#### What the task requires:
Copy exactly the lines of the records below, starting at the line that contains "Operation Harsh Doorstop" and continuing through the last line, both included; omit any pictures.

(Stored items)
····················
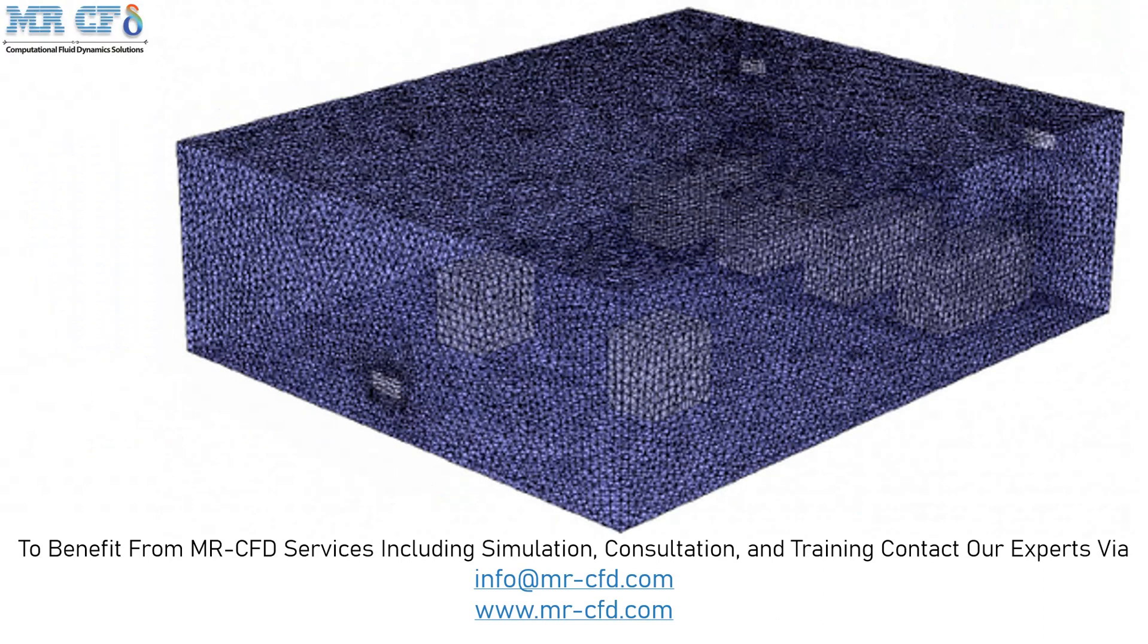The geometry of this project is meshed in ANSYS meshing software and the mesh type used for this geometry is unstructured. The total element number is equal to 706,053.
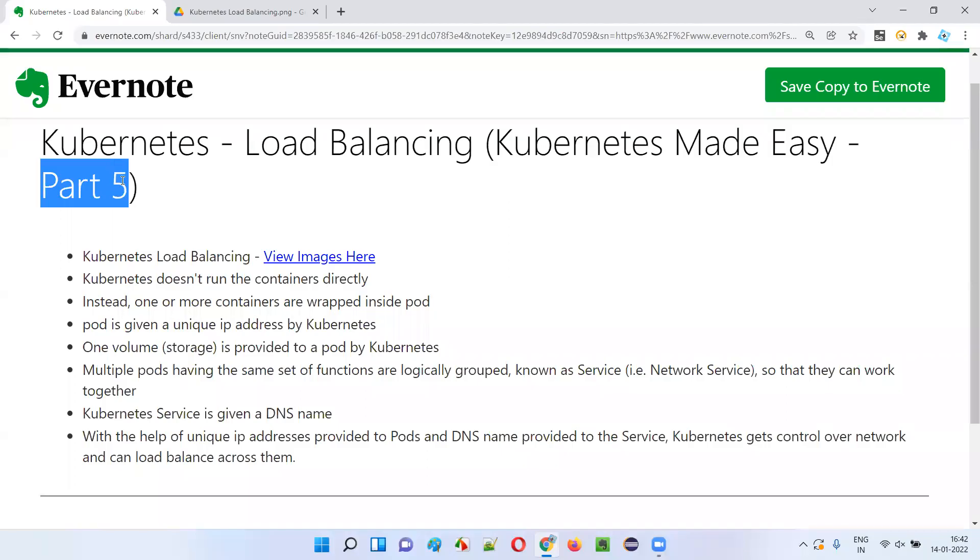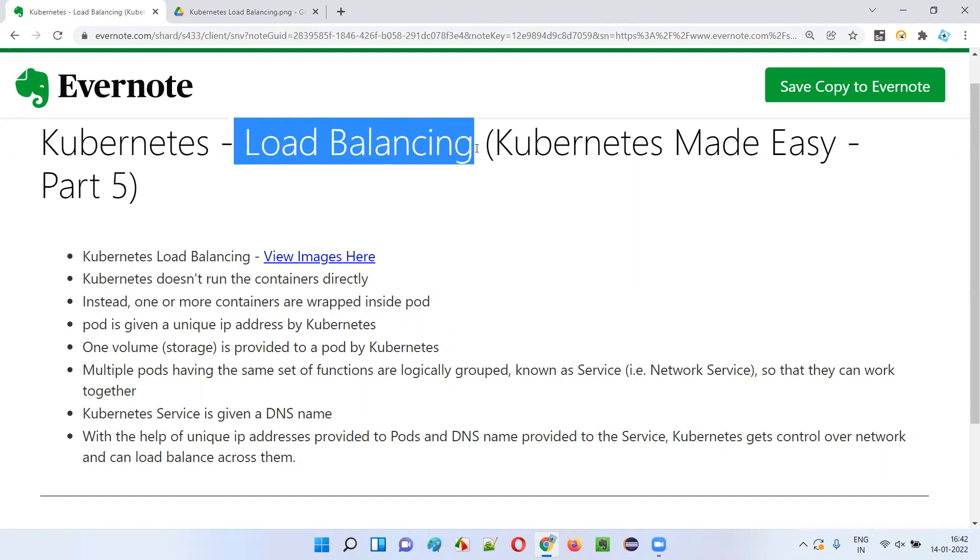Hello all, welcome to part five of Kubernetes made easy tutorial. In this session, I'm going to explain one of the features of Kubernetes that is load balancing. So let's get started.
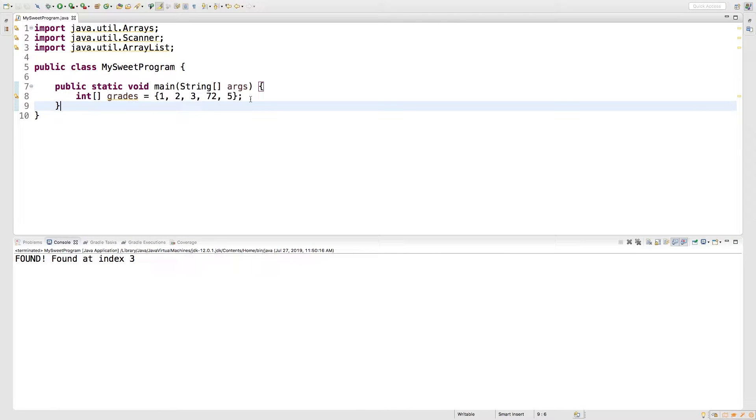Hey, what's going on everybody? Welcome back to your Java series. This video we're going to be talking about how to take an array and get a sorted array.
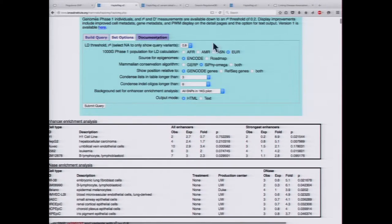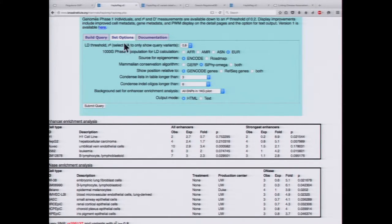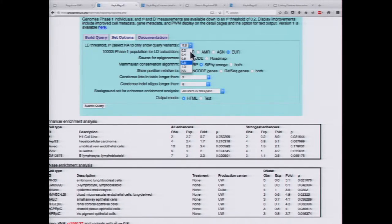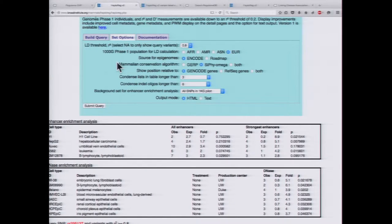One important aspect of HaploReg is making sure you're running with the correct options. There are quite a few options to consider. One is the LD threshold — the R-squared value, which can range from 0.2 all the way to 1; if you choose the non-applicable option, you're just searching for the SNP itself with no LD. What's actually really vital is choosing the correct population for your LD calculation. By default it's set to the European population, but for example, if you're looking at results from a GWAS in a Chinese population, you want to click the Asian population.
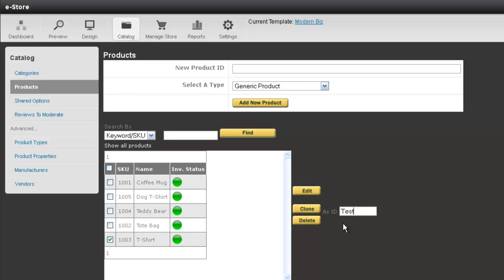Before I hit the clone button, I just want to make a quick note that you generally want to clone a product that's been fully set up, so it has all the product information, any images, any options, and shipping information included. Otherwise, if you clone a partially set up product, you'll have to re-enter that information.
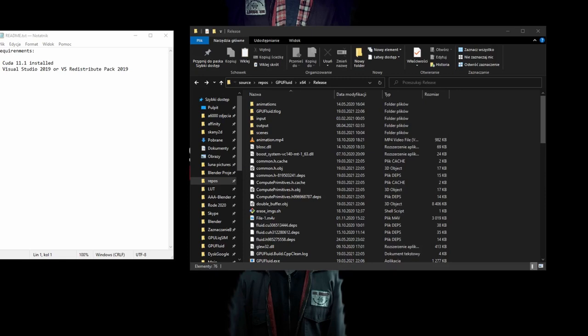Hi, in this tutorial I will show you how to use my program called Jflow. So what it is? It's a smoke simulator made on GPU. First of all, you have to download Jflow from the link below in the description.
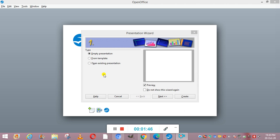The third option is open existing presentation. This option is used to open a presentation which has already been created by you and is saved in your system, so you can open that presentation and edit it.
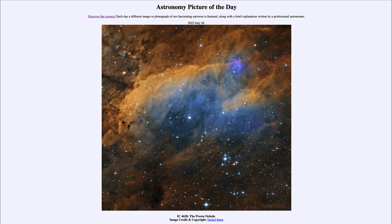So that was our picture of the day for July 26th of 2023, titled IC 4628, the Prawn Nebula. We'll be back again tomorrow for the next picture. Until then, have a great day everyone, and I will see you in class.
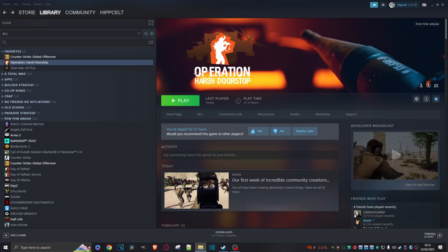Operation Harsh Doorstop has finally been released to the general public and that means it comes with mod support. So how do you run mods from Steam? Well, first things first, obviously have Steam opened on the OHD page, then come along here to this workshop tab and click on that.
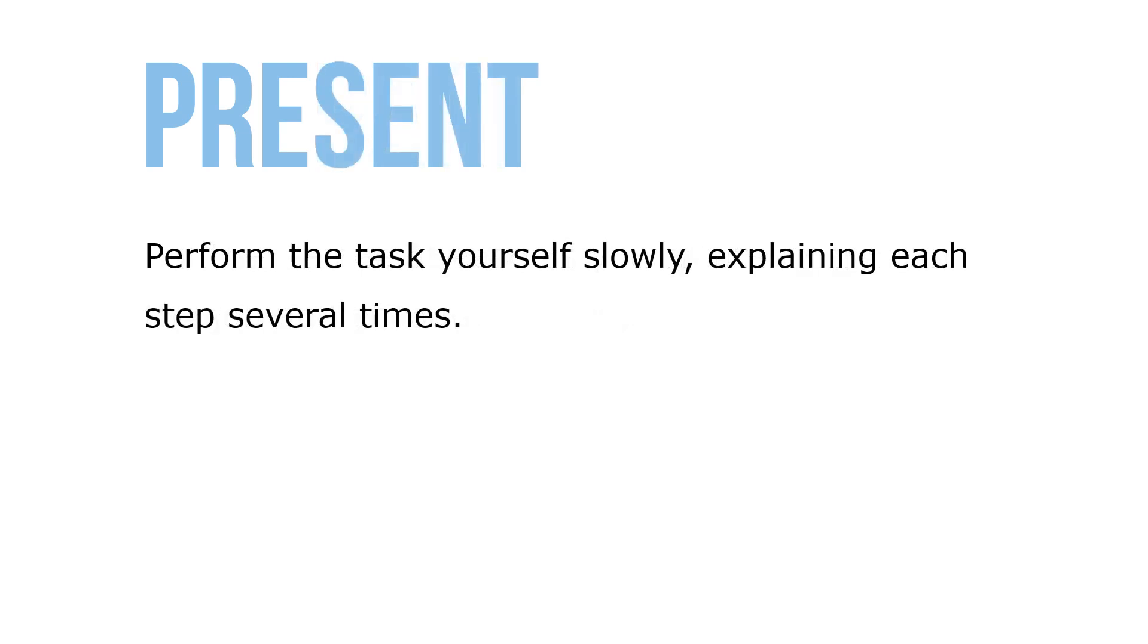Step 2: Presentation of the task by the trainer. Perform the task slowly, explaining each step several times.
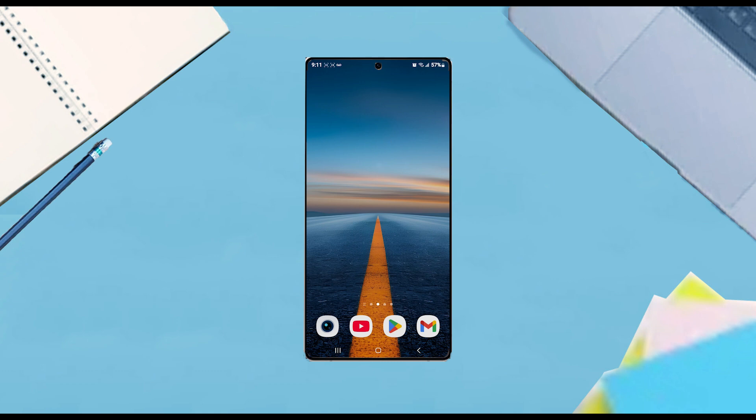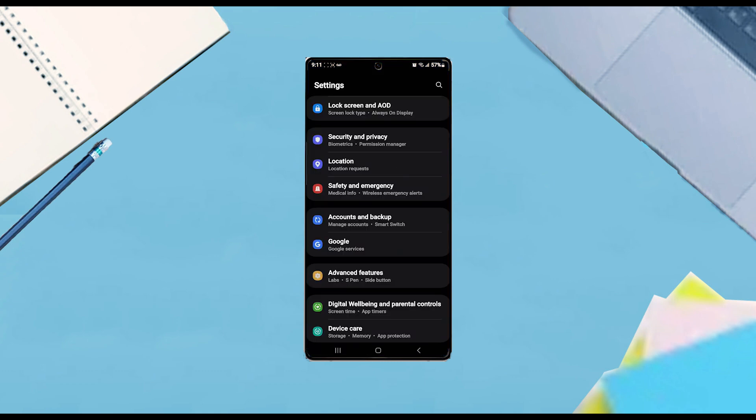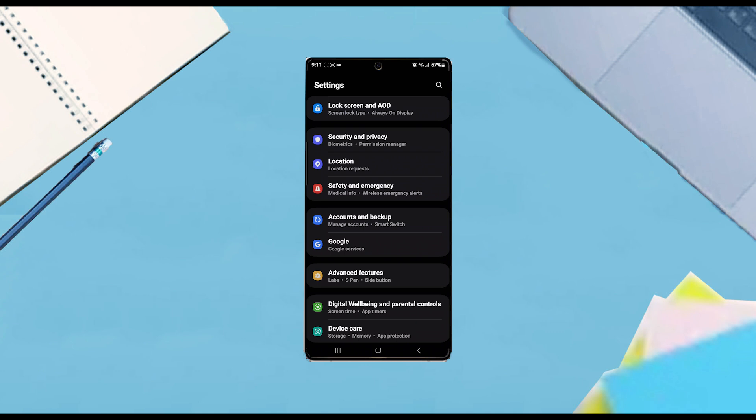The first thing that you want to do is jump into your settings. Once you're in your settings, scroll down and look for security and privacy, and once you find security and privacy, hit security and privacy.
····················
#### Exercise result:
Operation Harsh Doorstop has finally been released to the general public and that means it comes with mod support. So how do you run mods from Steam? Well, first things first, obviously have Steam opened on the OHD page, then come along here to this workshop tab and click on that.
Step 2: Presentation of the task by the trainer. Perform the task slowly, explaining each step several times.
The first thing that you want to do is jump into your settings. Once you're in your settings, scroll down and look for security and privacy, and once you find security and privacy, hit security and privacy.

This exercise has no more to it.